▶

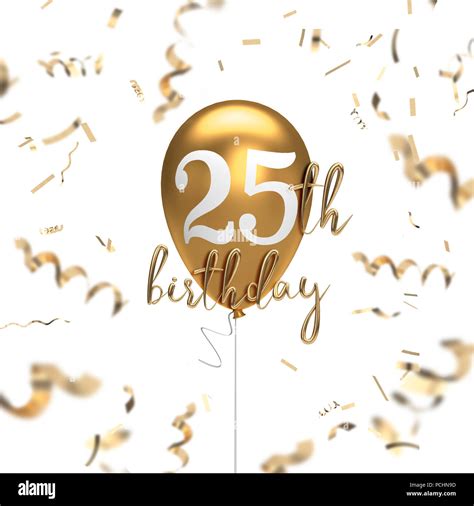Happy 25th Birthday Gold Balloon Greeting Background 3d Rendering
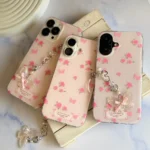 قاب Pink Flower Butterfly با آویز (کدC2116)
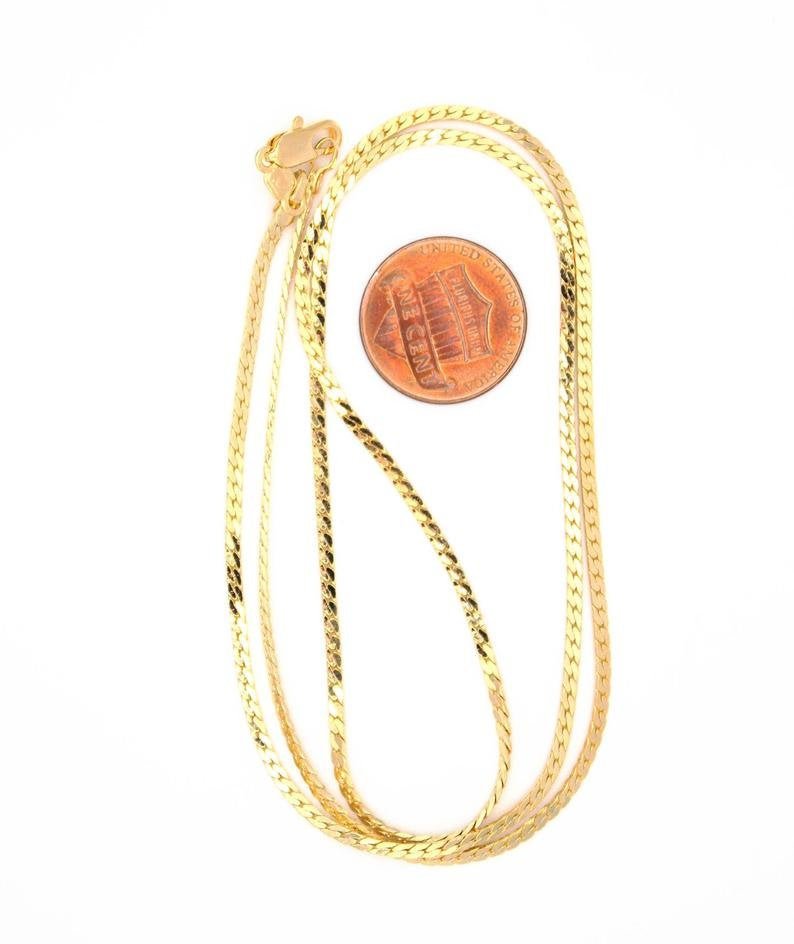 24k Gold plated Thick C Link Chain Necklace 5mm 24 inch long for Layer Necklace Statement Necklace Ready to wear Finished Chain | CN-184 Clearance Pricing - DLUXCA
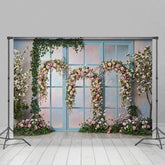 Aperturee - Aperturee Triple Floral Arch Blue Door Sweet Wedding Backdrop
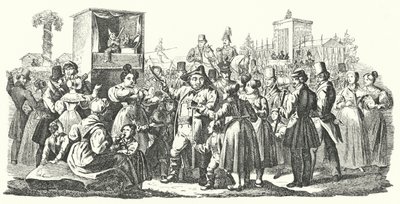Karneval i Stuttgart-distriktet i Cannstatt, efterår 1835 (gravering) af German School
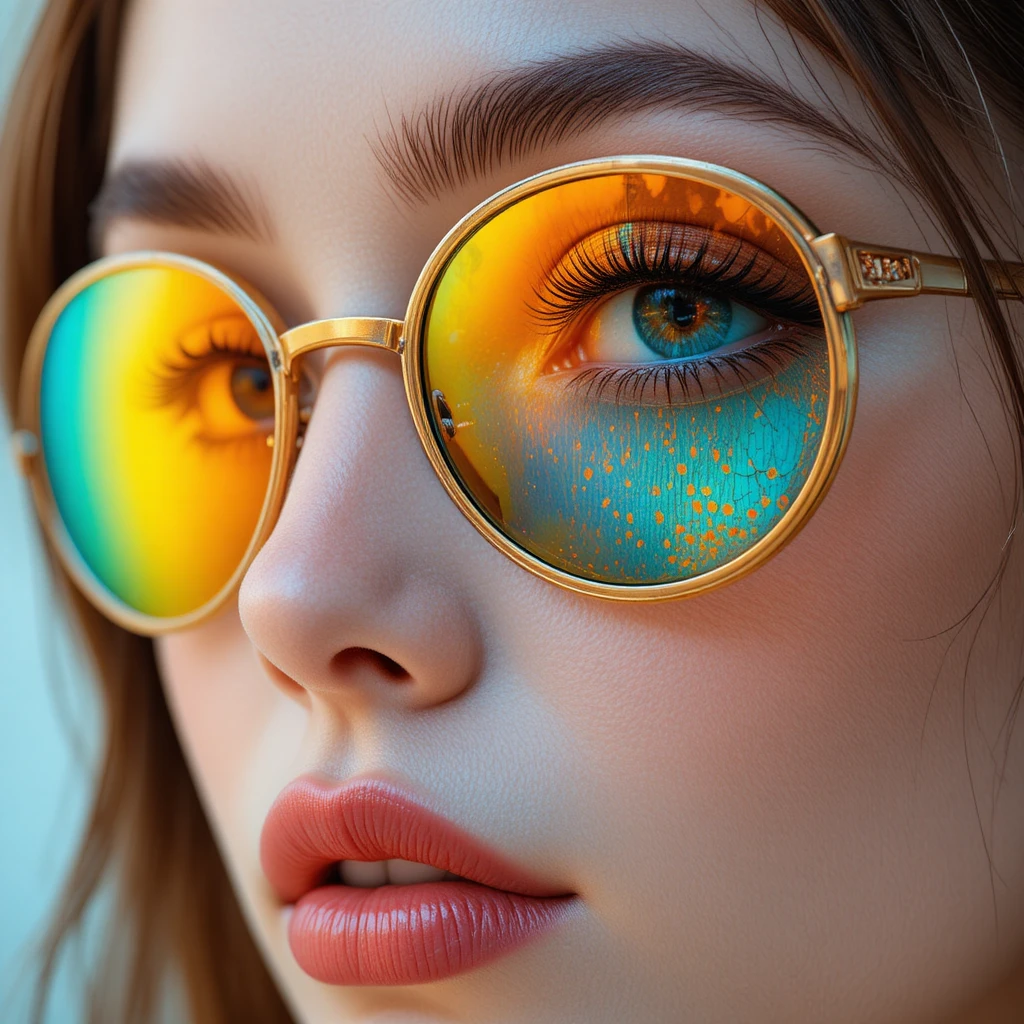 Innovative Metallsonnenbrille mit blau-orangefarbenen Verlaufs-Gläsern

◀

What this task involves
Transcribe the listing above exactly, but only from the line with "قاب Pink Flower Butterfly با آویز (کدC2116)" through the line with "24k Gold plated". Include both of those lines and omit the pictures.

Finished exercise
 قاب Pink Flower Butterfly با آویز (کدC2116)
 24k Gold plated Thick C Link Chain Necklace 5mm 24 inch long for Layer Necklace Statement Necklace Ready to wear Finished Chain | CN-184 Clearance Pricing - DLUXCA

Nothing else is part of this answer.